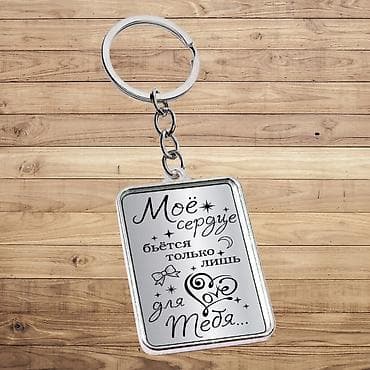 46 тун: Брелок металлический двусторонний, розничная цена 550сом, оптом — 6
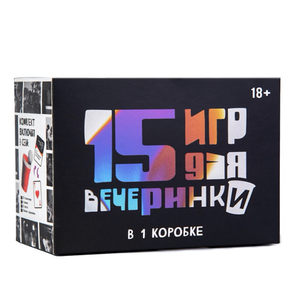 Книга 15 игр для вечеринки - nan | SOVABOOKS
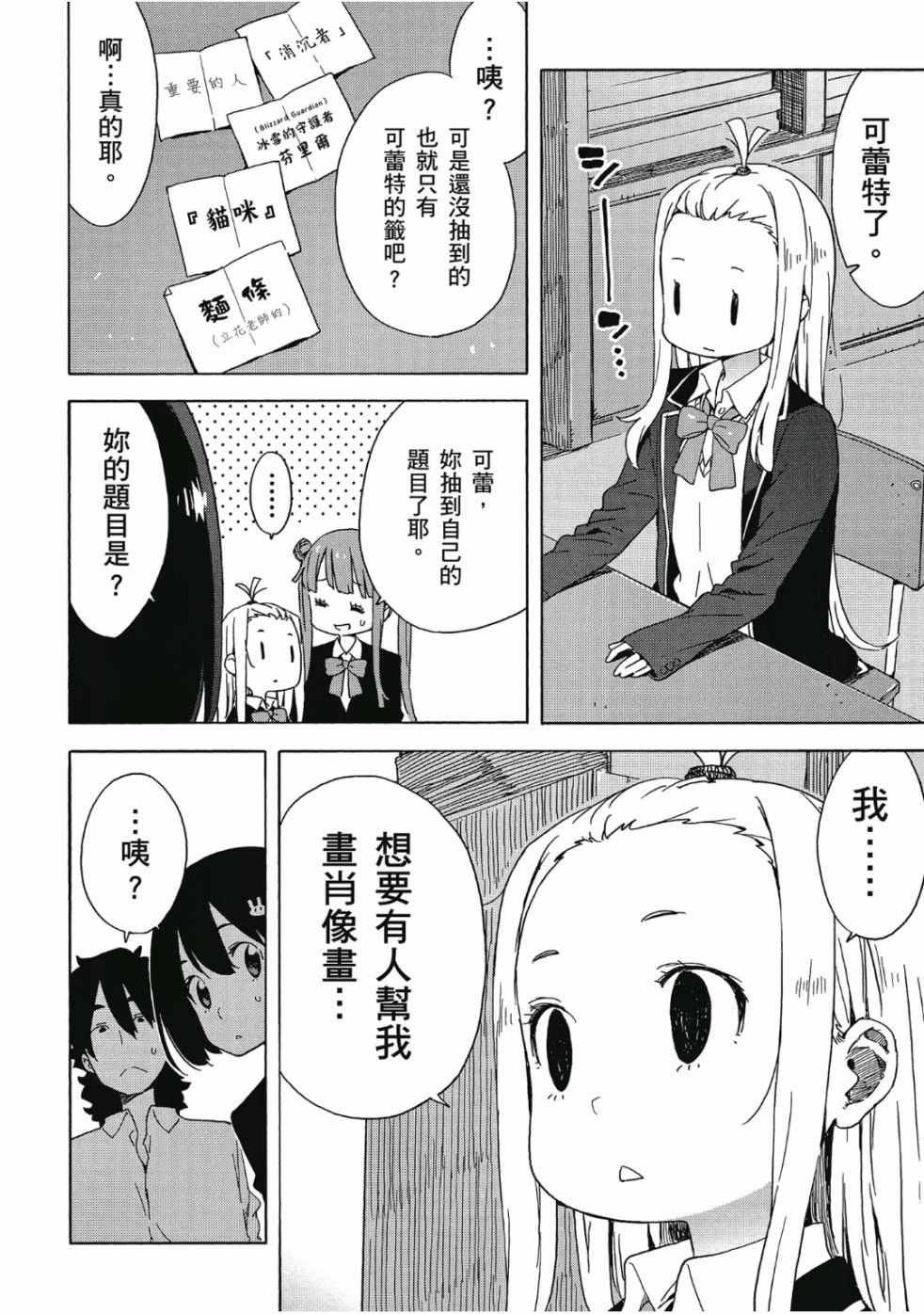 第6卷
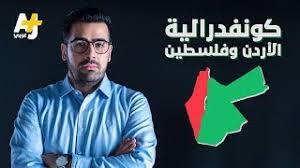 537 likes · 6 talking about this. ÙƒÙˆÙ†ÙØ¯Ø±Ø§Ù„ÙŠØ© Ø§Ù„Ø£Ø±Ø¯Ù† ÙˆÙÙ„Ø³Ø·ÙŠÙ† Ø¨Ø´Ø±Ø· Ø§Ù†Ø¶Ù…Ø§Ù… Ø¥Ø³Ø±Ø§Ø¦ÙŠÙ„ Youtube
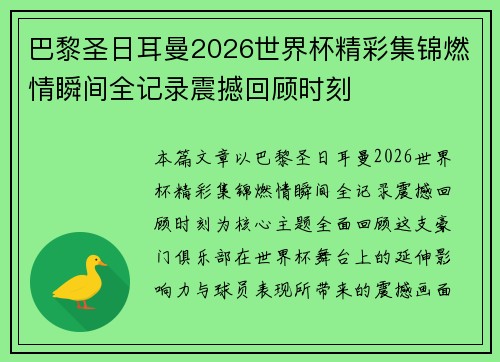 巴黎圣日耳曼2026世界杯精彩集锦燃情瞬间全记录震撼回顾时刻 巴黎圣日耳曼2026世界杯精彩集锦燃情瞬间全记录震撼回顾时刻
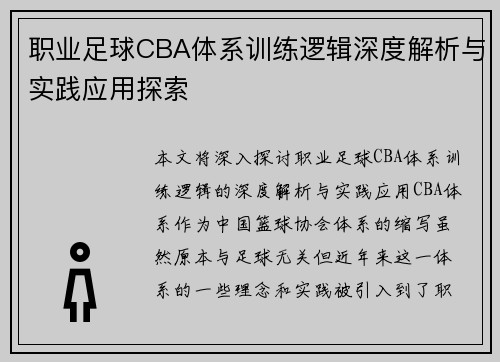 职业足球CBA体系训练逻辑深度解析与实践应用探索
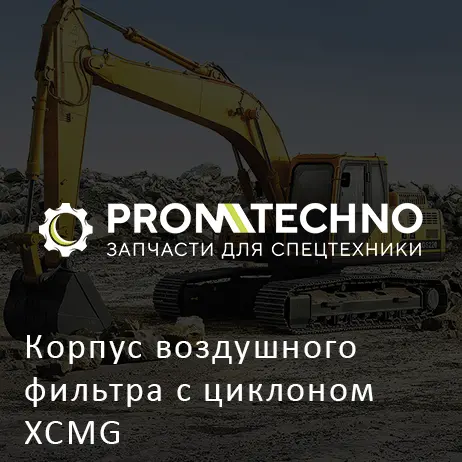 Корпус воздушного фильтра с циклоном XCMG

----------

**What you are asked to do**
Exactly the lines from the one with "Книга 15 игр для вечеринки - nan | SOVABOOKS" to the last line of the listing are wanted, both ends included and pictures excluded.

**Solution for this problem**
 Книга 15 игр для вечеринки - nan | SOVABOOKS
 第6卷
 537 likes · 6 talking about this. ÙƒÙˆÙ†ÙØ¯Ø±Ø§Ù„ÙŠØ© Ø§Ù„Ø£Ø±Ø¯Ù† ÙˆÙÙ„Ø³Ø·ÙŠÙ† Ø¨Ø´Ø±Ø· Ø§Ù†Ø¶Ù…Ø§Ù… Ø¥Ø³Ø±Ø§Ø¦ÙŠÙ„ Youtube
 巴黎圣日耳曼2026世界杯精彩集锦燃情瞬间全记录震撼回顾时刻 巴黎圣日耳曼2026世界杯精彩集锦燃情瞬间全记录震撼回顾时刻
 职业足球CBA体系训练逻辑深度解析与实践应用探索
 Корпус воздушного фильтра с циклоном XCMG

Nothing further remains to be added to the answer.